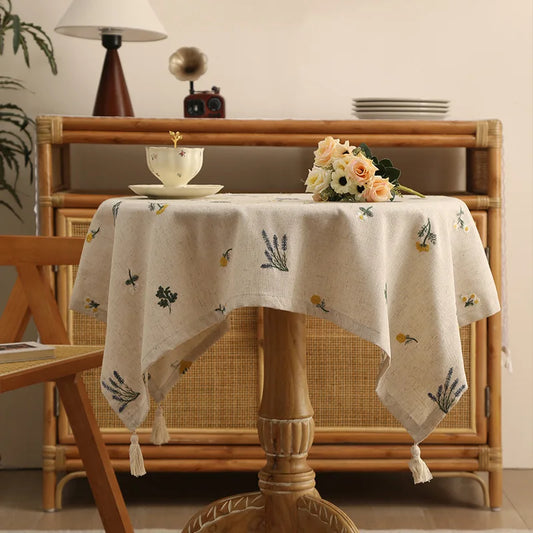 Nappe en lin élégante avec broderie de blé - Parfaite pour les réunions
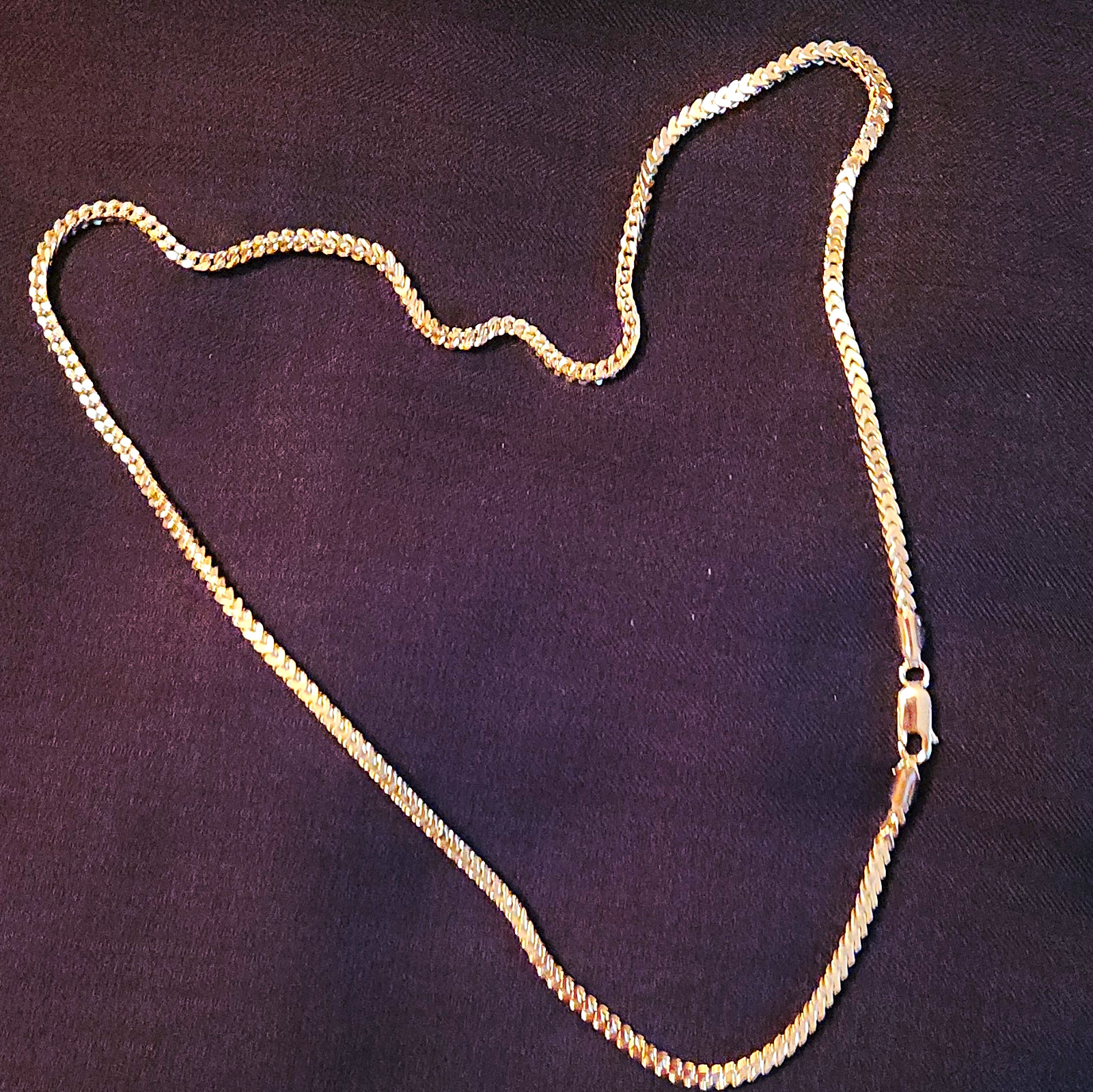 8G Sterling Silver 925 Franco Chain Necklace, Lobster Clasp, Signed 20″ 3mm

════════

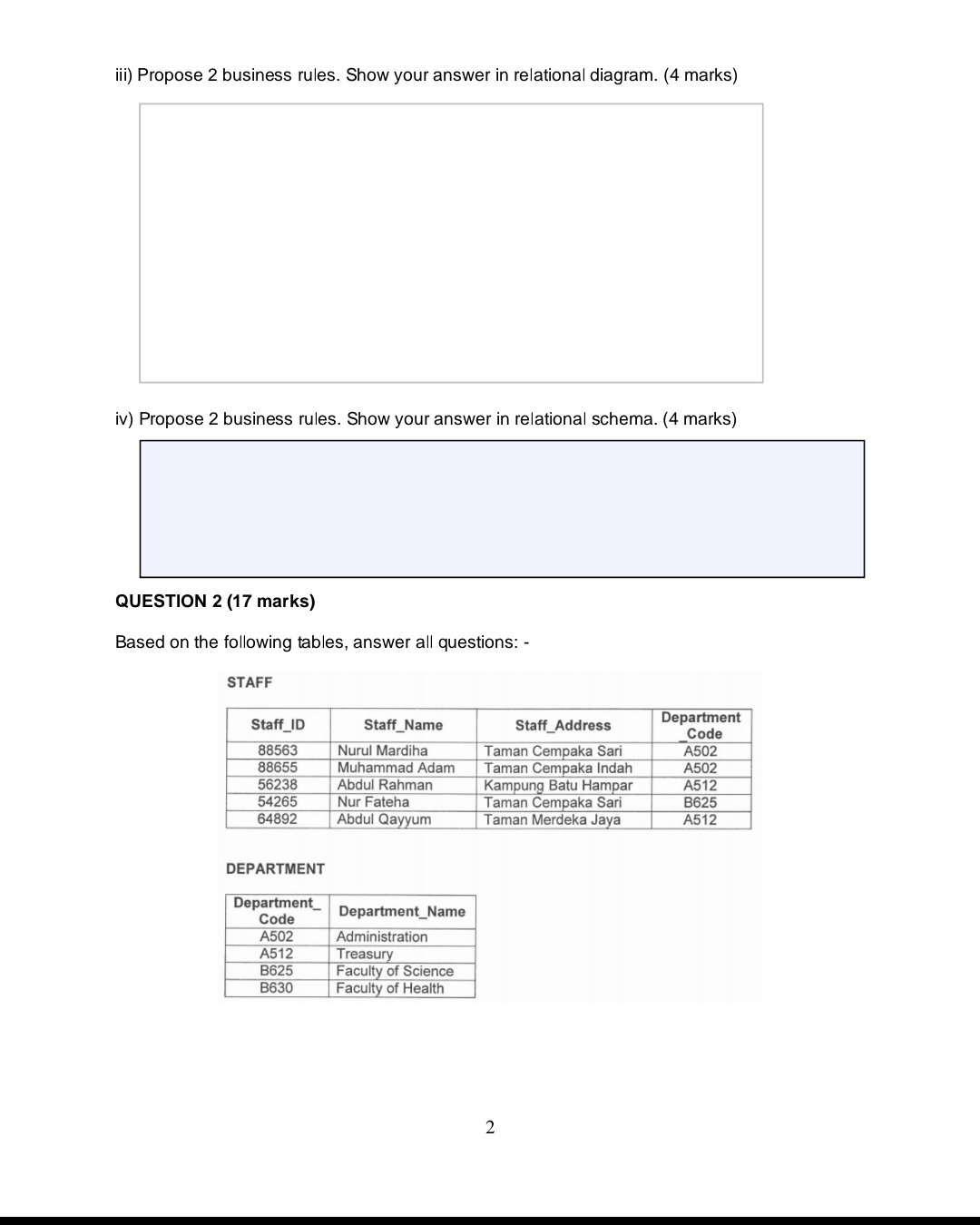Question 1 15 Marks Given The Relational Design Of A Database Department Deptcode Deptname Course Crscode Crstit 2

════════

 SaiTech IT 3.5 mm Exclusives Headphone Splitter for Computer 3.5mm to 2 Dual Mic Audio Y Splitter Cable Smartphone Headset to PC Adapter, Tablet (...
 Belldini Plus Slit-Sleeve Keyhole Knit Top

════════

→ WORK REQUEST: Although the records above contain pictures, the copy should not; retype exactly the lines from the one containing "Nappe en lin" through the one containing "8G Sterling Silver".

→ OUTPUT BELOW:
 Nappe en lin élégante avec broderie de blé - Parfaite pour les réunions
 8G Sterling Silver 925 Franco Chain Necklace, Lobster Clasp, Signed 20″ 3mm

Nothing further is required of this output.